Industry, especially companies with head offices in Europe, allowed itself to be demonised. It got sucked into the social licence to operate gibberish. It ceded legitimacy to a bunch of moralists who would keep the poor poor.

“Beyond Petroleum” was the tag adopted by a BP too embarrassed to face the public about the fact the public, indeed, the poor, needed hydrocarbons. BP chief executive John Browne’s ­famous 1997 speech signalled that “We in BP … must now focus on what can and what should be done, not because we can be certain climate change is happening but because the possibility can’t be ignored. If we are all to take responsibility for the future of our planet, then it falls to us to begin to take precautionary action now.”

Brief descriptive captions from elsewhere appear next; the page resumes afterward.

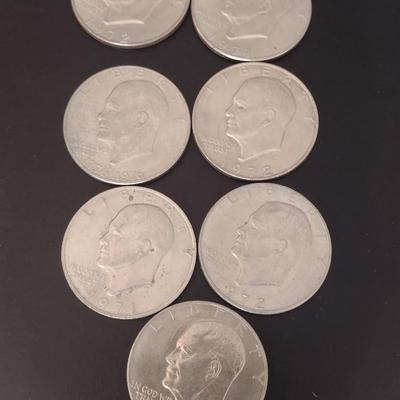 Set of 7 U.S. Mint Eisenhower Silver Dollar Circulated (#33) Various Dates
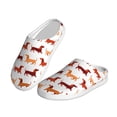 thumbnail image 2 of Fotbe Dachshund Walking Pattern Women's Fuzzy Curly Fur Memory Foam Loafer Slippers Indoor Outdoor Slippers Winter Home Shoes-46/47, 2 of 7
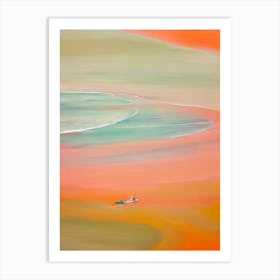 Orient Bay Beach, St Martin Pink & Orange Millenial Art Print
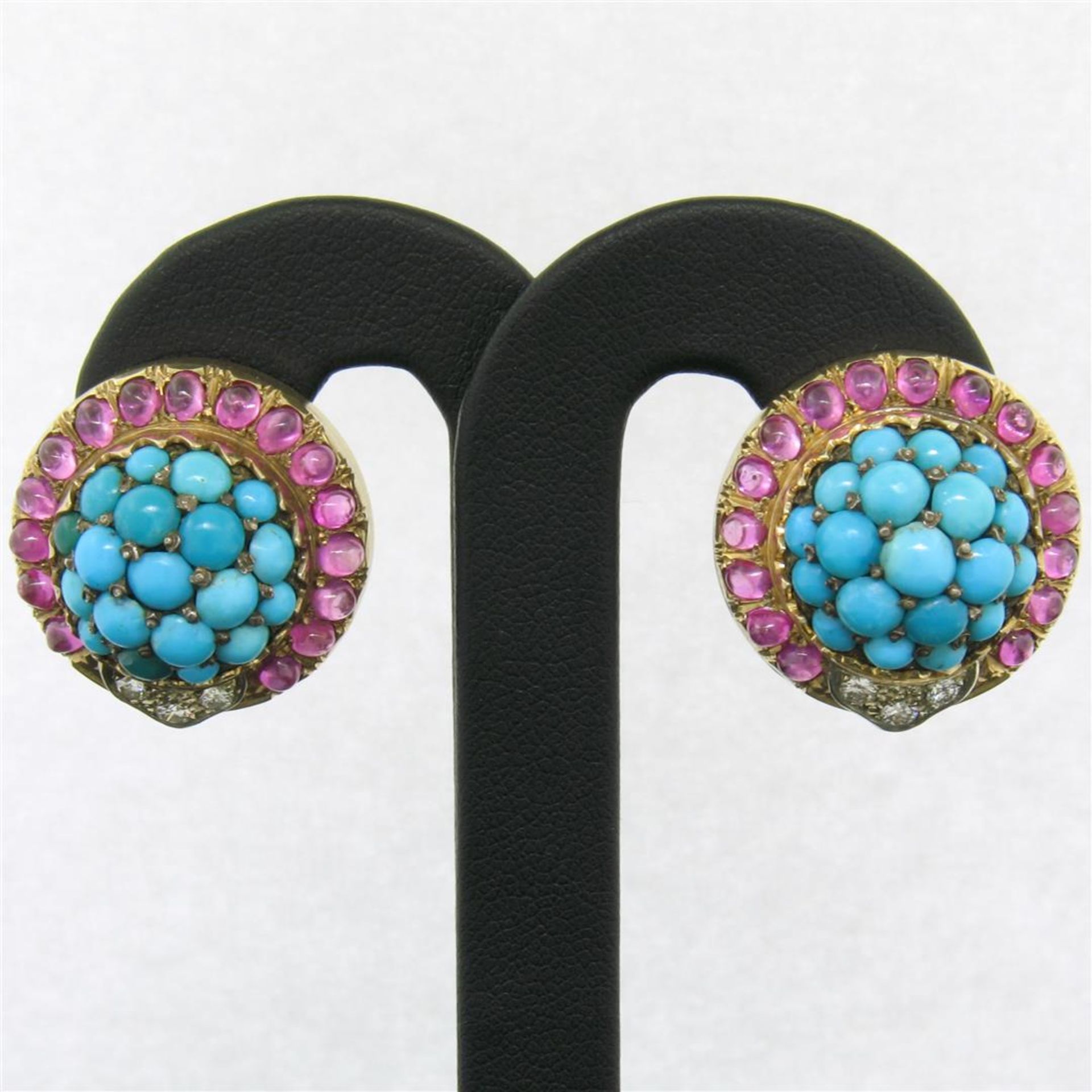 Vintage 14K Yellow Gold 3.56 ctw Turquoise Diamond & Ruby Cluster Button Earring - Image 7 of 9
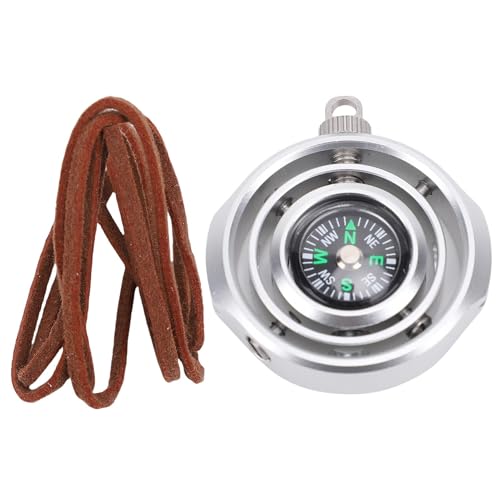 Sunicon Metall Fingerspitze Gyroskop, Erwachsene rotierende Metallspielzeug Rotatable Wählungsrelfer Fingerspitze rotierendes Spielzeug Aluminium Allo mit PU -Lederseil (Silver) von Sunicon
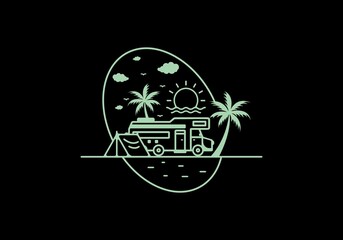 Campervan life line art illustration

At that time of climate change hyperbole BP (and many others) failed to defend its role in society. Of course, the greens never accepted the ploy, renouncing it as Beyond Belief. Indeed, from its 2000 announcements of investments in bio fuels, wind and solar, by 2011 BP had sold the solar business and by 2013 had attempted to sell the wind business. Bio-fuels remain beholden to huge taxpayer subsidies, harming the poor.

As Browne wrote in his 2013 book Seven Elements That Have Changed the World, one of which is carbon, “the prospects for meaningful international agreement on climate changed (sic) have diminished with each passing year”. He also concedes that political leaders “need to prepare us to adapt to a different set of climatic conditions”. Adaptation is the new reality, not the fantasy of abatement, which is at the heart of the divestment strategy.

Shell, on the other hand, has decided to fight back. Last week, Shell’s chairman in Australia, ­Andrew Smith, said rising activism was “fast becoming one of the greatest challenges facing Australian growth”.

Many more must join the fight, the first task of which is to name the enemy within – the killer priest, the ANU vice-chancellor and trustees, and scores of green NGOs. These should be made to feel the cold steel of rationality, which by the way, cannot be made without coking coal.